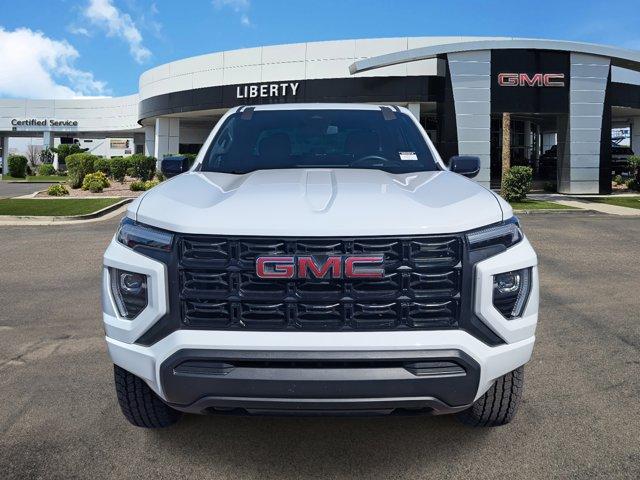 used 2024 GMC Canyon car, priced at $34,745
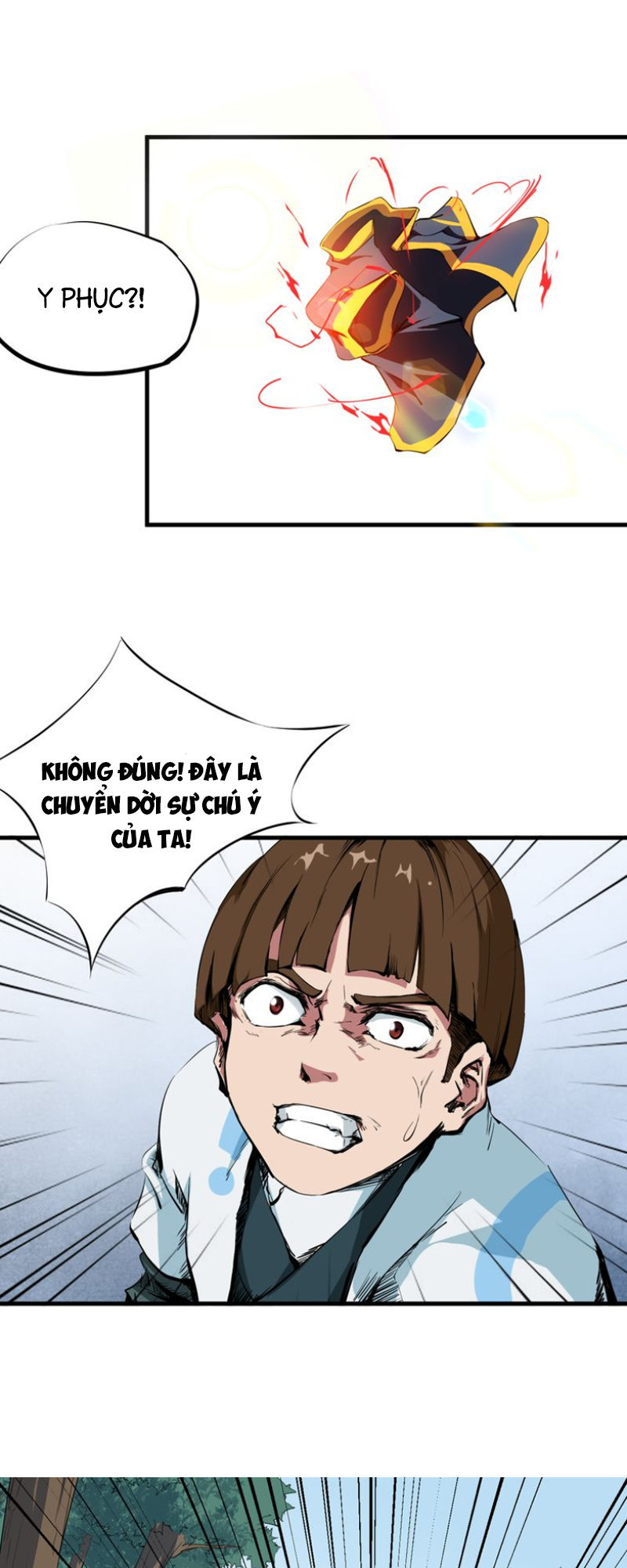 Long Mạch Võ Thần Chap 3 - Next Chap 4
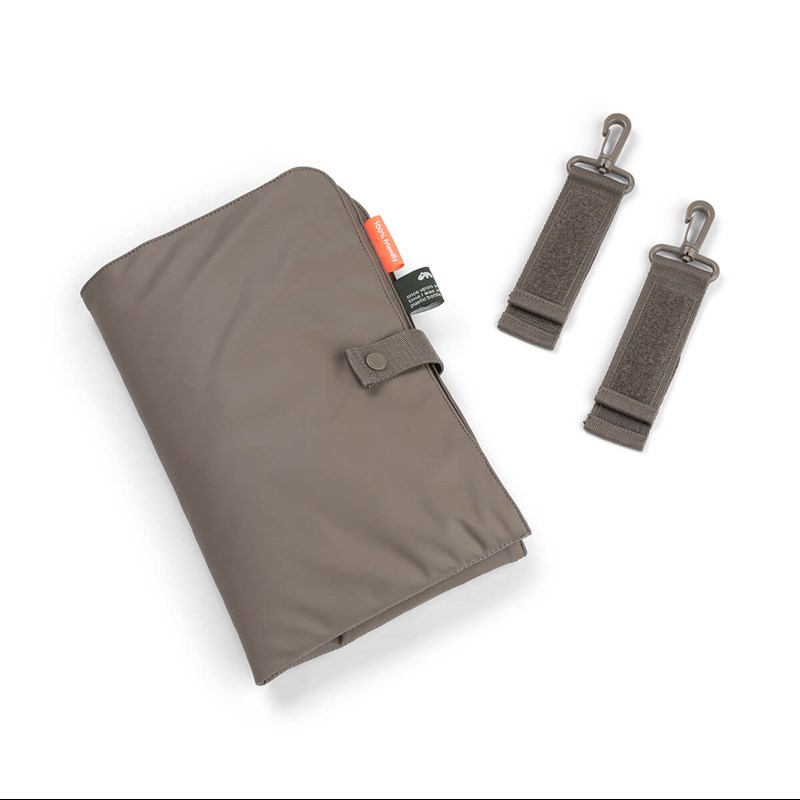 Done By Deer Skötväska Taupe 6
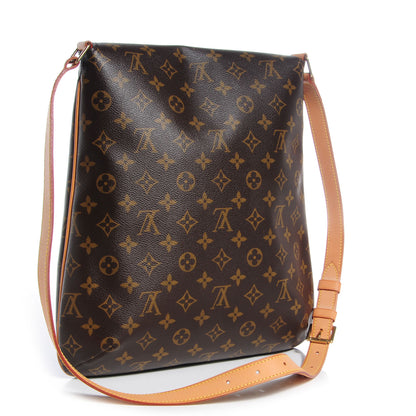 Louis Vuitton Monogram Musette GM 3 of 7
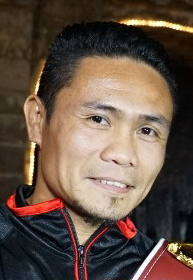 <span class="mw-page-title-main">Donnie Nietes</span> Filipino boxer (born 1982)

Prompt - Give all the lines above again, character for character, without pictures.

Reply -
 used 2024 GMC Canyon car, priced at $34,745
 Long Mạch Võ Thần Chap 3 - Next Chap 4
 Done By Deer Skötväska Taupe 6
 Louis Vuitton Monogram Musette GM 3 of 7
 <span class="mw-page-title-main">Donnie Nietes</span> Filipino boxer (born 1982)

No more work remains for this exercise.